ClickHouse Platform Adapter¶
The ClickHouse adapter provides high-performance columnar database execution for analytical benchmarks.
Overview¶
ClickHouse is an open-source column-oriented database management system that provides:
Columnar architecture - Optimized for analytical queries
Scalability - Support for petabyte-scale datasets
Flexible deployment - Server mode or embedded local mode
Compression - Columnar compression for storage efficiency
OLAP focus - Designed for analytical workloads
The ClickHouse adapter supports two modes:
Server mode - Connect to ClickHouse server (local or remote)

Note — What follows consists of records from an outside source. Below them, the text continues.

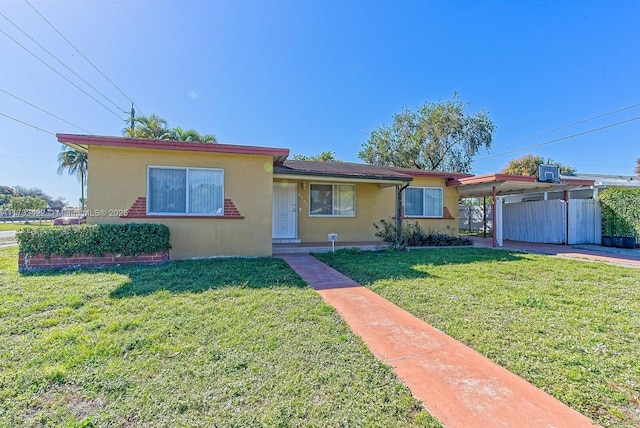 single story home featuring a carport and a front lawn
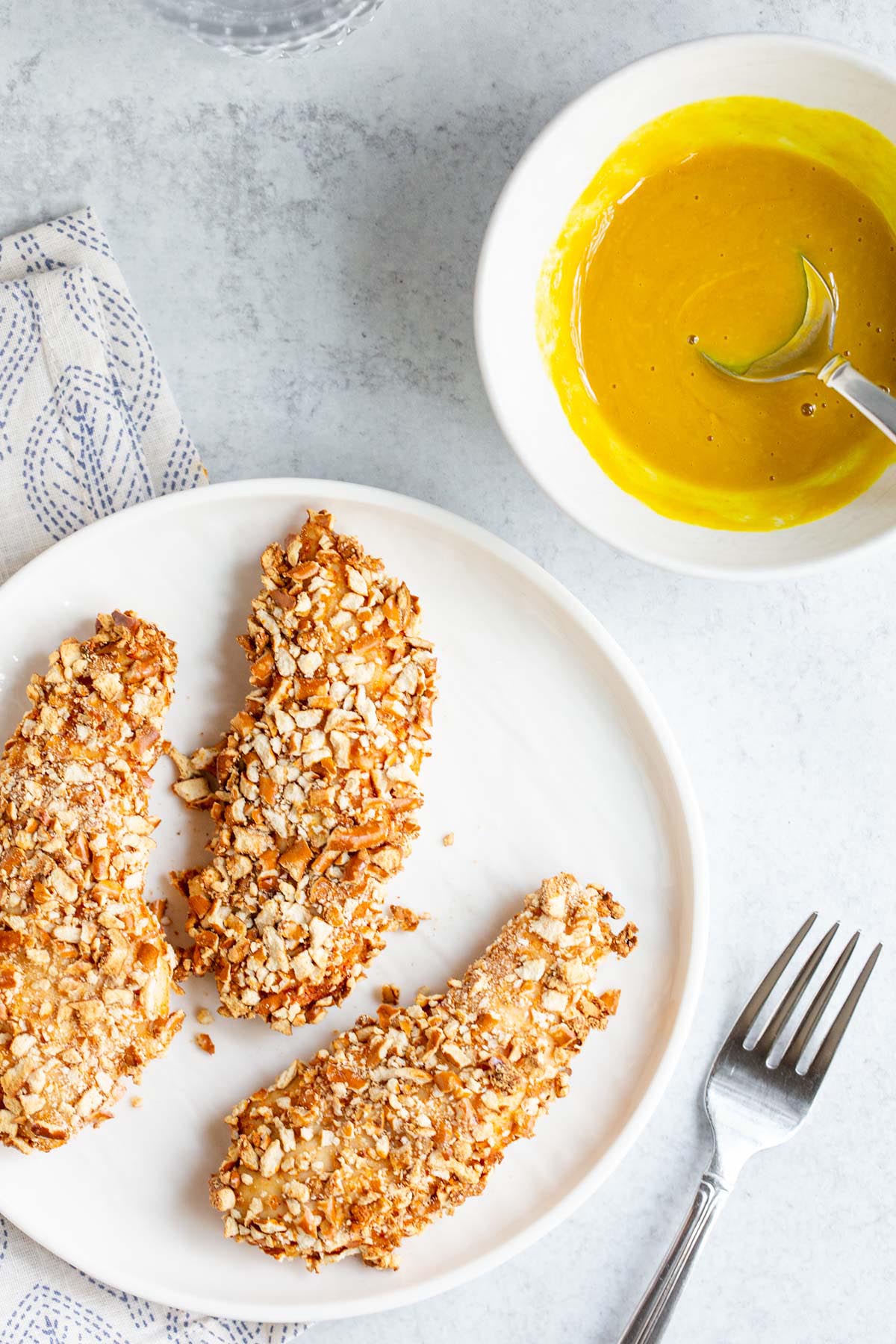 Air fryer pretzel chicken with honey mustard dipping sauce on the side.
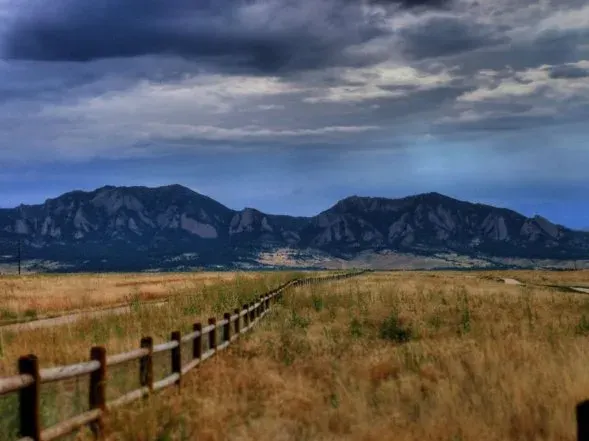 Fenceline across open grassland with Front Range mountains near Louisville, Colorado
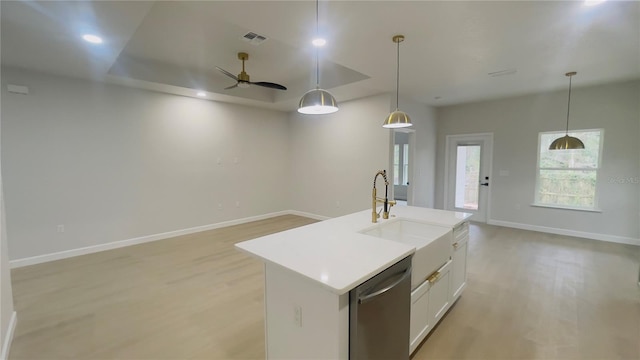 kitchen featuring a center island with sink, ceiling fan, stainless steel dishwasher, and hanging light fixtures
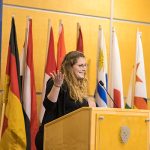 A student speaking at a microphone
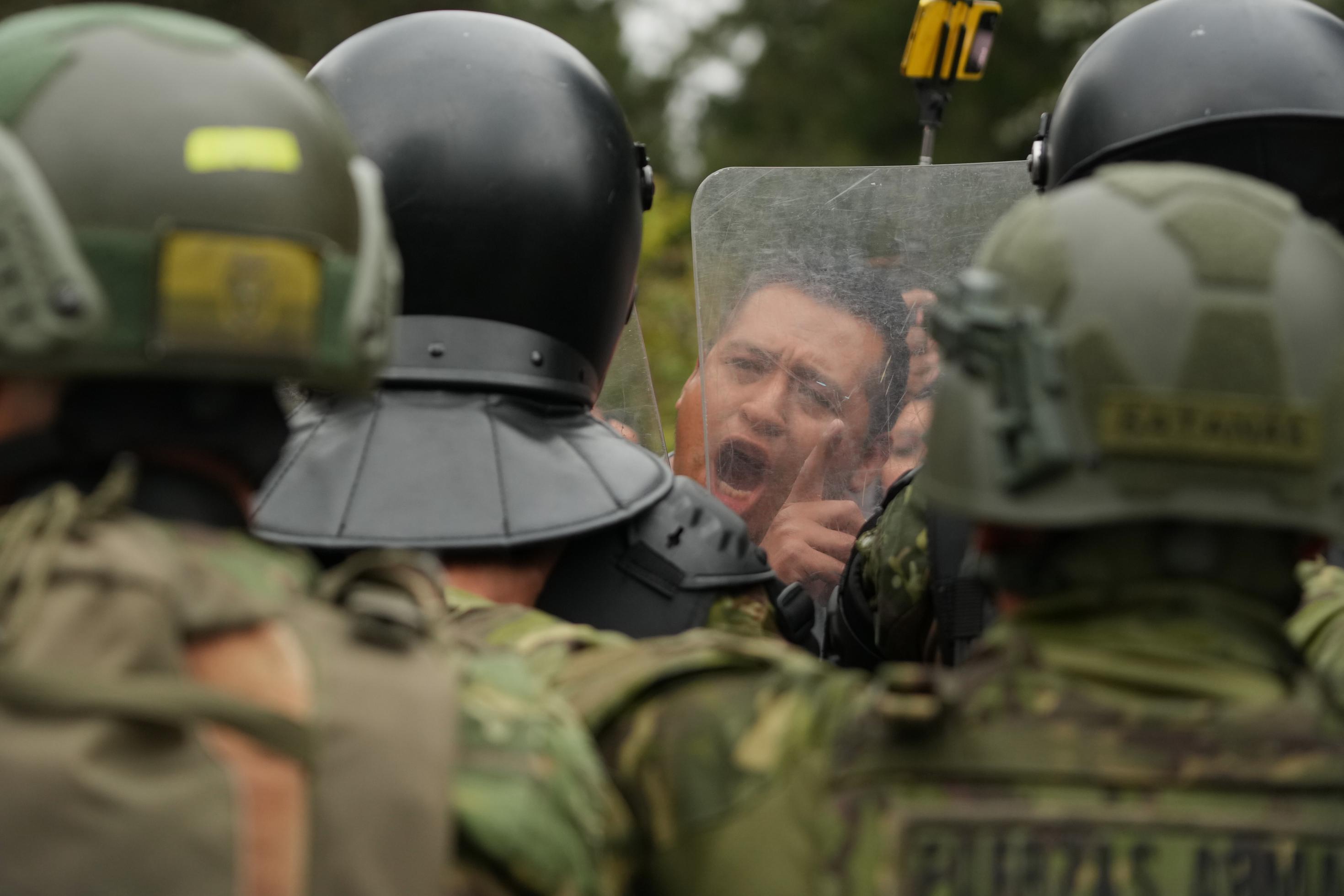 FILE - A man faces off with soldiers during an anti-government protest in Quito, Ecuador, Wednesday, Oct. 15,2025. (AP Photo/Dolores Ochoa, File)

Local mode - Embedded execution using chDB library
Common use cases:
Analytical workloads
Large-scale benchmarking (100GB+)
Performance comparison with other columnar databases
Real-time analytics applications
Quick Start¶
Server Mode (Default)¶
from benchbox.tpch import TPCH
from benchbox.platforms.clickhouse import ClickHouseAdapter
# Connect to ClickHouse server
adapter = ClickHouseAdapter(
host="localhost",
port=9000,
database="benchmark",
username="default",
password=""
)
# Run benchmark
benchmark = TPCH(scale_factor=1.0)
results = benchmark.run_with_platform(adapter)
Local Mode (Embedded)¶
from benchbox.platforms.clickhouse import ClickHouseAdapter
# Embedded ClickHouse with chDB
adapter = ClickHouseAdapter(
mode="local",
data_path="./benchmark.chdb" # Optional persistent storage
)
# Run benchmark
benchmark = TPCH(scale_factor=0.1)
results = benchmark.run_with_platform(adapter)
API Reference¶
ClickHouseAdapter Class¶
- class ClickHouseAdapter(**config)[source]¶
Bases:
ClickHouseMetadataMixin,ClickHouseSetupMixin,ClickHouseDiagnosticsMixin,ClickHouseWorkloadMixin,ClickHouseTuningMixin,PlatformAdapterHigh-level adapter coordinating ClickHouse operations.
- Known Limitations:
TPC-DS queries with known incompatibilities: - Query 14: INTERSECT DISTINCT requires manual alias addition - Query 30: Query plan cloning not implemented for aggregation steps (Code: 48) - Query 66: Nested aggregation not supported - requires query rewrite - Query 81: Query plan cloning not implemented for aggregation steps (Code: 48)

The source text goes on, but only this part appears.